Die Einsatzkräfte waren zu der Wohnung geeilt, weil ihnen dort eine hilflose Person gemeldet worden war. Die Vermieterin hatte die Polizei gebeten, nach dem Rechten zu sehen, weil der Briefkasten überquoll. Gegen den 57-Jährigen lag auch ein Haftbefehl vor wegen Körperverletzung. „Er hat unter anderem seinem Nachbarn geschlagen“, hieß es aus informierten Kreisen. Der Mann hatte die verhängte Geldstrafe nicht bezahlt; dafür sollte er eine Haftstrafe antreten. Ein Polizist war deswegen eine Woche vorher an seiner Wohnung; traf ihn aber nicht an und ging wieder. „Es gab drei Verfahren wegen Körperverletzungen, wovon eines noch läuft. Die anderen beiden sind zusammengefasst worden, weswegen es zu der Ersatzfreiheitsstrafe kam“, hieß es aus Kreisen.
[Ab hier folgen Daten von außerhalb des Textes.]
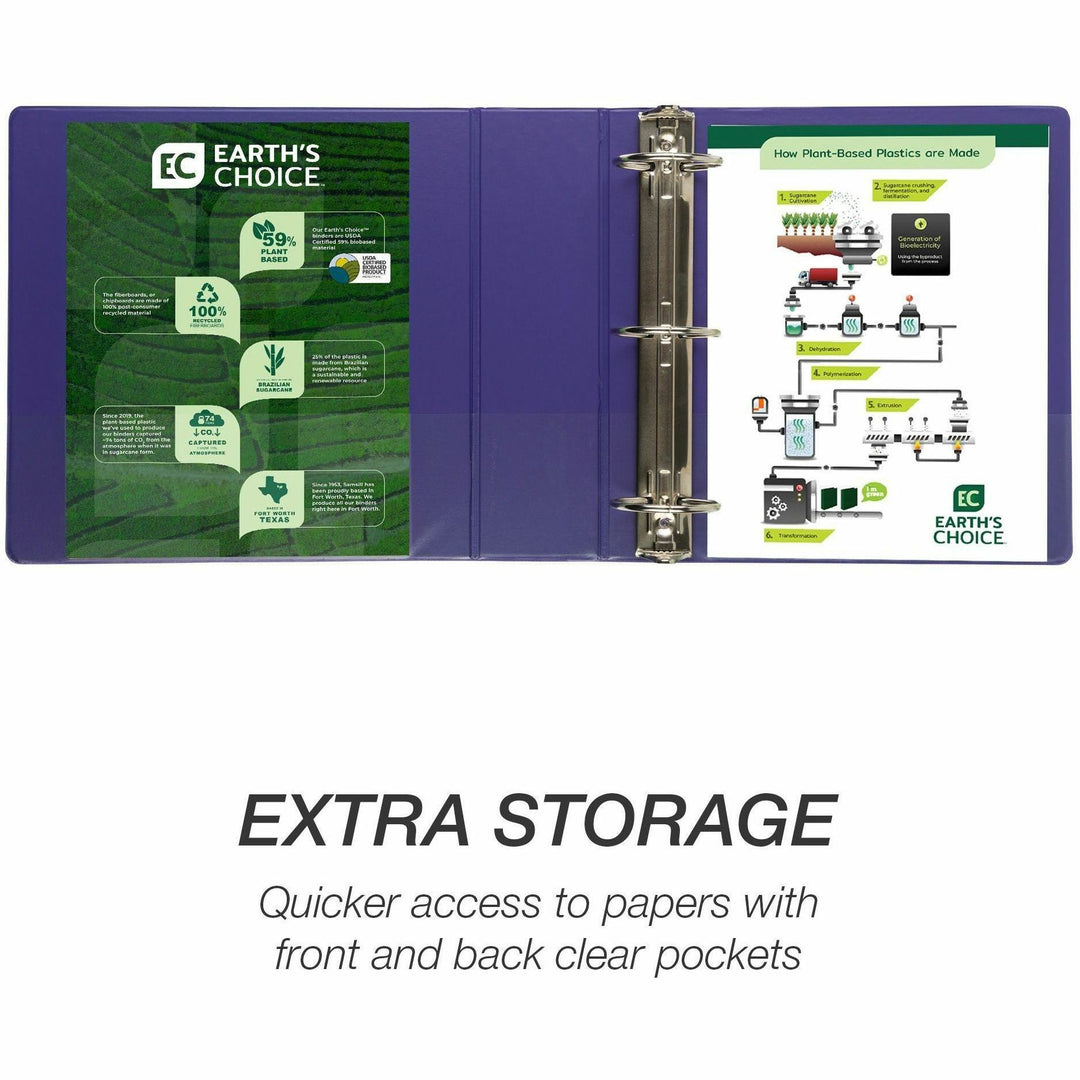 Image of Samsill® Earth's Choice Plant-Based Economy Round Ring View Binders, 3 Rings, 3" Capacity, 11 x 8.5, Purple, 2/Pack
In der kommenden Woche wird der Fall im Innenausschuss des Düsseldorfer Landtages weiter aufgearbeitet; NRW-Innenminister Herbert Reul (CDU), der tiefst erschüttert ist, wird zu neuesten Erkenntnissen sprechen. Die innenpolitische Sprecherin der SPD-Fraktion Christina Kampmann will wissen, ob die Einsatzkräfte darüber informiert worden waren, dass dort ein Gewalttäter wohnt, gegen den ein Haftbefehl vorlag. Reul hatte im polizeiinternen Intranet die Beamten dazu aufgerufen, nach der Tat noch ein bisschen vorsichtiger zu sein als ohnehin schon. „Für den Moment habe ich nur eine Bitte: Passen Sie gut auf sich und Ihre Kolleginnen und Kollegen auf“, schrieb Reul.